Look through the listing below for the line containing "Rhosili Road, Cefn". Copy it and each line after it up to and including the line containing "6807 214th Avenue NE, Redmond, WA 98053", exactly, leaving out pictures.

## Record excerpts
+++

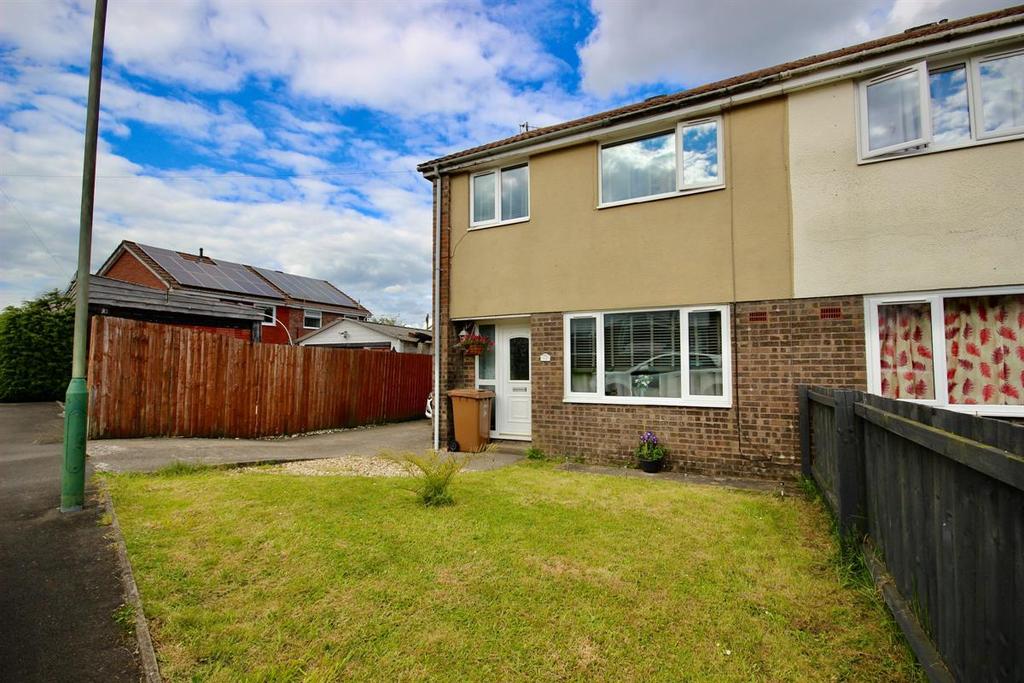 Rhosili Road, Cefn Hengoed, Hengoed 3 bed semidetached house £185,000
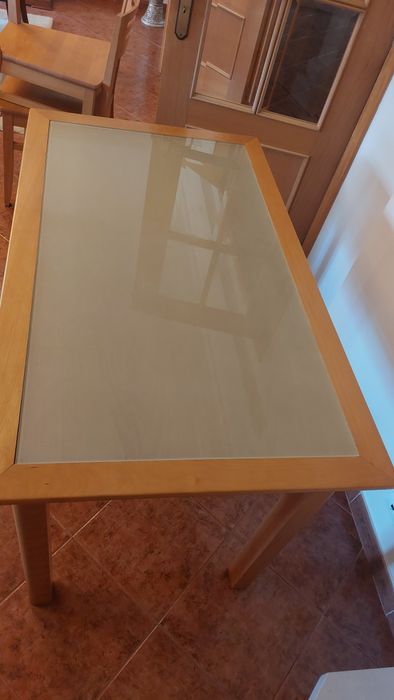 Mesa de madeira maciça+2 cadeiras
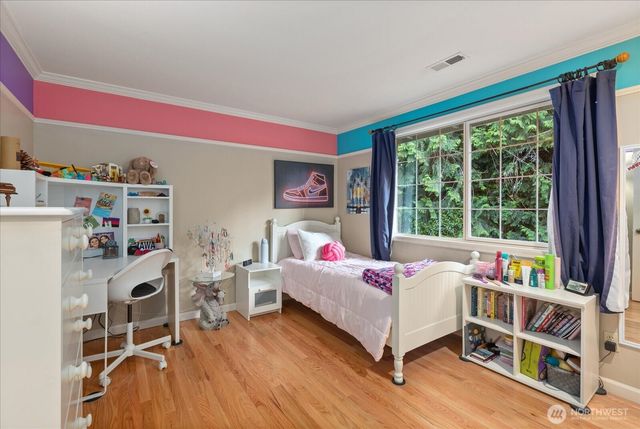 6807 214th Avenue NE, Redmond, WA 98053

+++

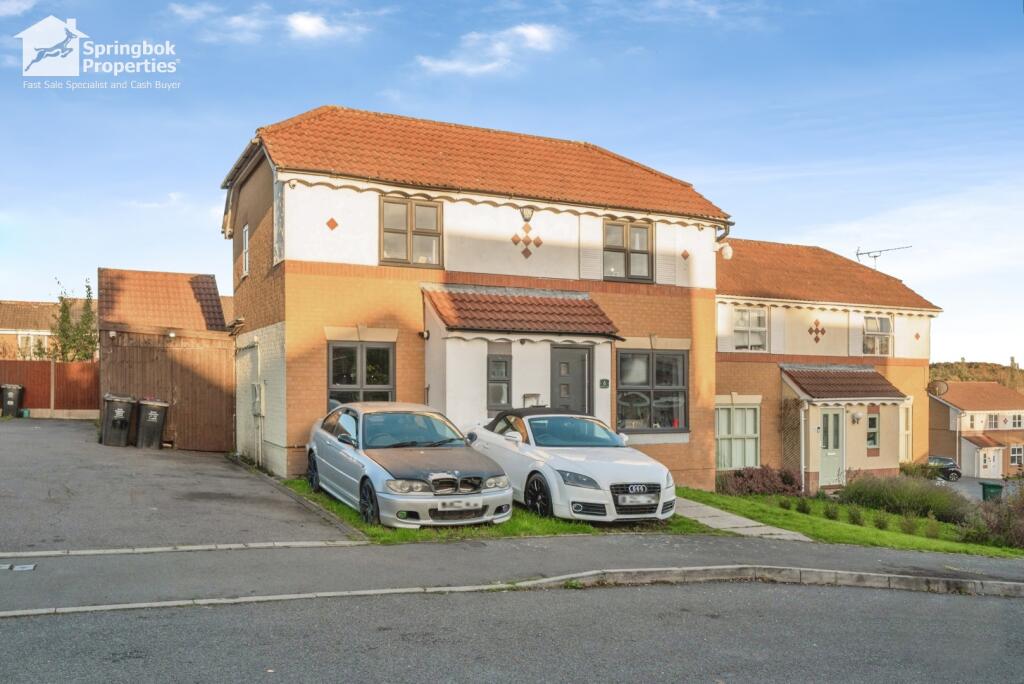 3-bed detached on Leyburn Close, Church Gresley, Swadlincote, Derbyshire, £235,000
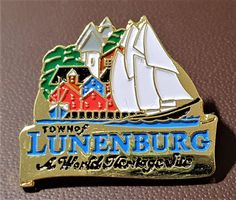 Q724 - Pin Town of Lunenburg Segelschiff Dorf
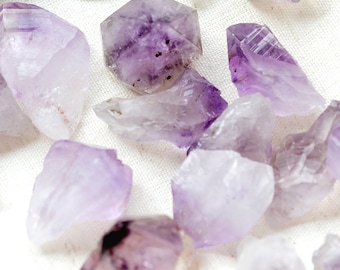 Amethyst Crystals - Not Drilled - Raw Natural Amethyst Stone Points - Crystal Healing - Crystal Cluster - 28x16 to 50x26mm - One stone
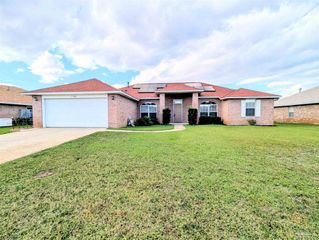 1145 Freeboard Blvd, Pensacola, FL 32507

+++

## Output below
 Rhosili Road, Cefn Hengoed, Hengoed 3 bed semidetached house £185,000
 Mesa de madeira maciça+2 cadeiras
 6807 214th Avenue NE, Redmond, WA 98053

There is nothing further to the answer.